_Task goal_
The answer is the data below, repeated exactly, with no pictures included.

_Available data_
.....
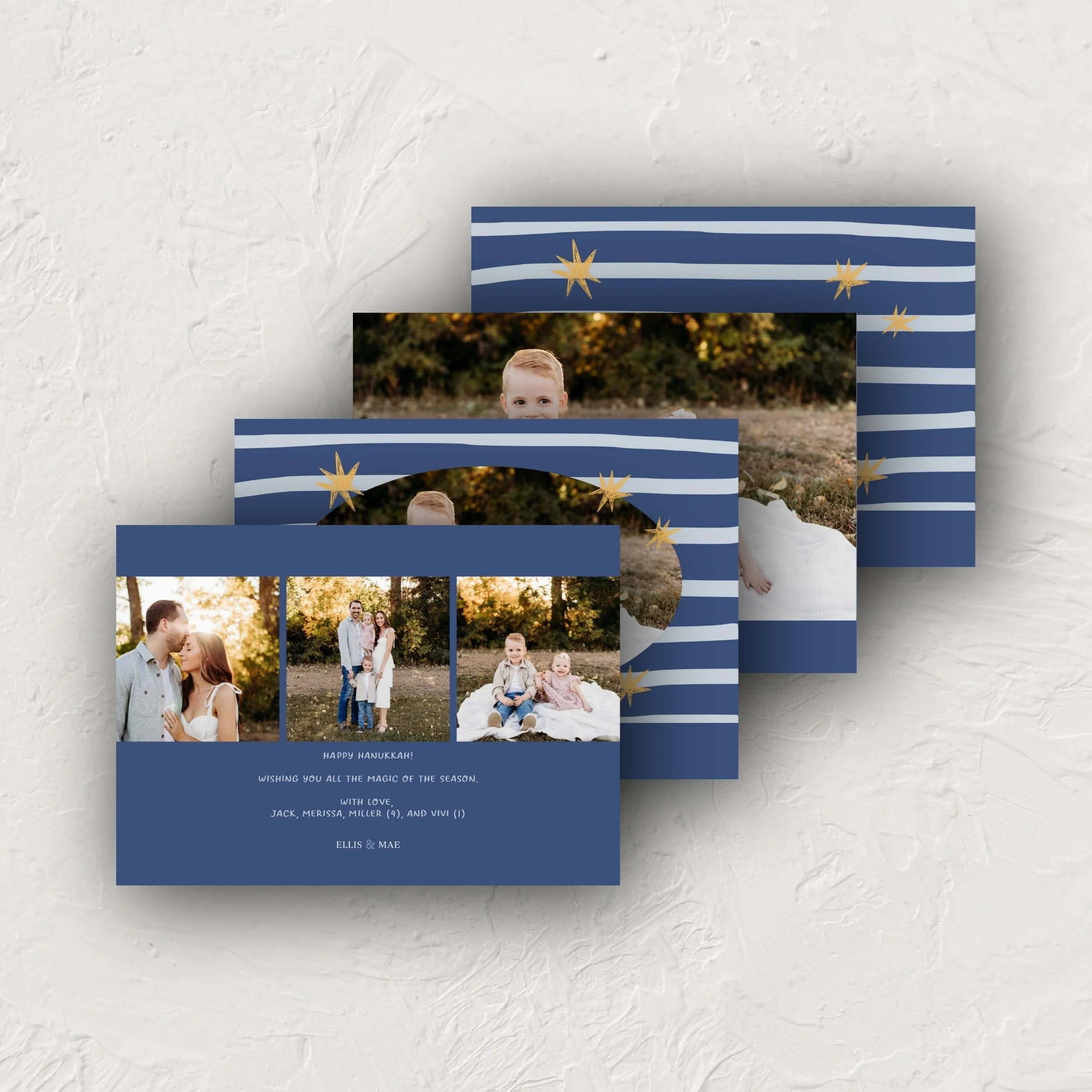 Porter Hanukkah Website Thumbnails 7.jpg
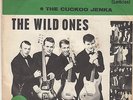 The Wild Ones - Letkajenka - 7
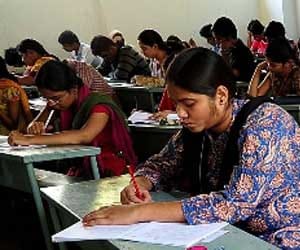 ISC exams start from 9 febuary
.....
_Your response_
 Porter Hanukkah Website Thumbnails 7.jpg
 The Wild Ones - Letkajenka - 7
 ISC exams start from 9 febuary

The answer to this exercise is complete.